─── Input ───

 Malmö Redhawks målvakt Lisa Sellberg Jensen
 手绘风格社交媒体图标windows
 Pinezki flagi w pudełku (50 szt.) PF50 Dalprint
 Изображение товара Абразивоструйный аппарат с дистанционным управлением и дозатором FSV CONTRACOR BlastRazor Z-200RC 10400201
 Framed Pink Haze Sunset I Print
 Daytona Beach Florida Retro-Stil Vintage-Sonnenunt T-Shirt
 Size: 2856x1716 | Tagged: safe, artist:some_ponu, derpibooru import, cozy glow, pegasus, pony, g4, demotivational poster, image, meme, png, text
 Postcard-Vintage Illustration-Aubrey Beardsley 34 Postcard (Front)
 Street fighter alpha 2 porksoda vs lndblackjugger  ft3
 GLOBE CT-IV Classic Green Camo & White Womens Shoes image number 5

───
─── Input ───

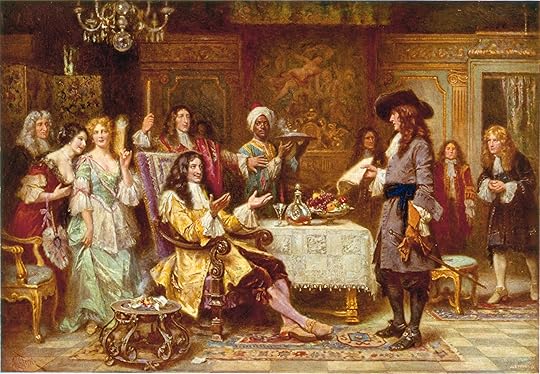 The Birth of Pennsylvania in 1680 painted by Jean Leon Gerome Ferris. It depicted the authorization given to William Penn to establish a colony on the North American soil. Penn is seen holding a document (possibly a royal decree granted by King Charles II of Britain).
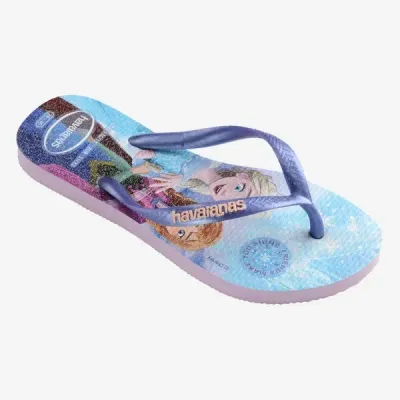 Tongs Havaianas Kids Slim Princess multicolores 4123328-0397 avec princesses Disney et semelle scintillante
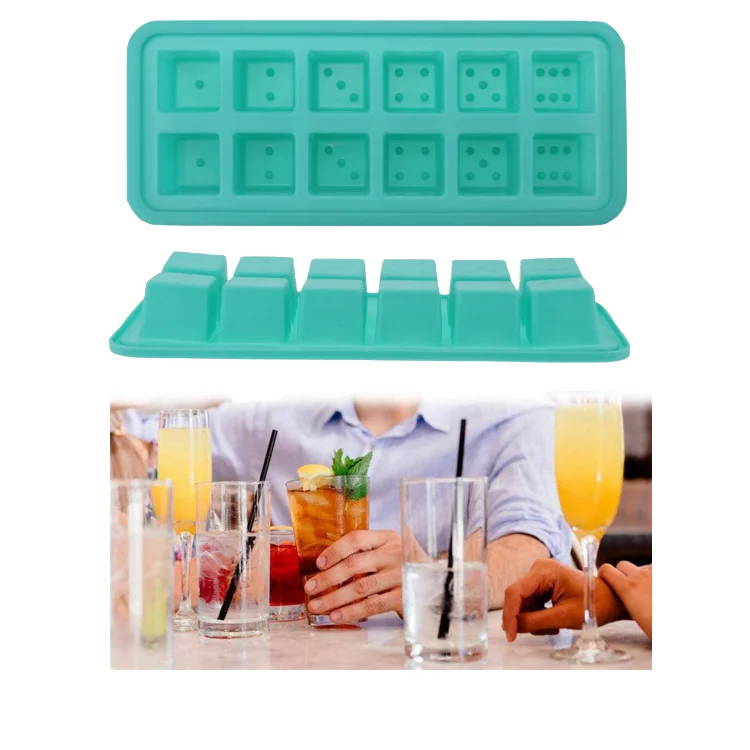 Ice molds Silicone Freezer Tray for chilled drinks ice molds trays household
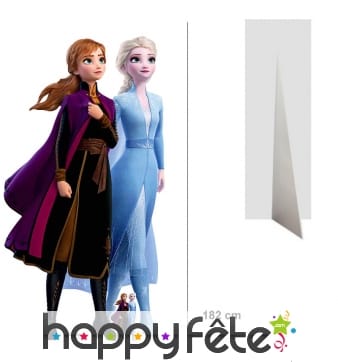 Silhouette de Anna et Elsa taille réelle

───

# Work instruction
Using the entries above, extract exactly the span from the line with "手绘风格社交媒体图标windows" to the line with "GLOBE CT-IV Classic", both lines included; leave out everything else.

# Reply
 手绘风格社交媒体图标windows
 Pinezki flagi w pudełku (50 szt.) PF50 Dalprint
 Изображение товара Абразивоструйный аппарат с дистанционным управлением и дозатором FSV CONTRACOR BlastRazor Z-200RC 10400201
 Framed Pink Haze Sunset I Print
 Daytona Beach Florida Retro-Stil Vintage-Sonnenunt T-Shirt
 Size: 2856x1716 | Tagged: safe, artist:some_ponu, derpibooru import, cozy glow, pegasus, pony, g4, demotivational poster, image, meme, png, text
 Postcard-Vintage Illustration-Aubrey Beardsley 34 Postcard (Front)
 Street fighter alpha 2 porksoda vs lndblackjugger  ft3
 GLOBE CT-IV Classic Green Camo & White Womens Shoes image number 5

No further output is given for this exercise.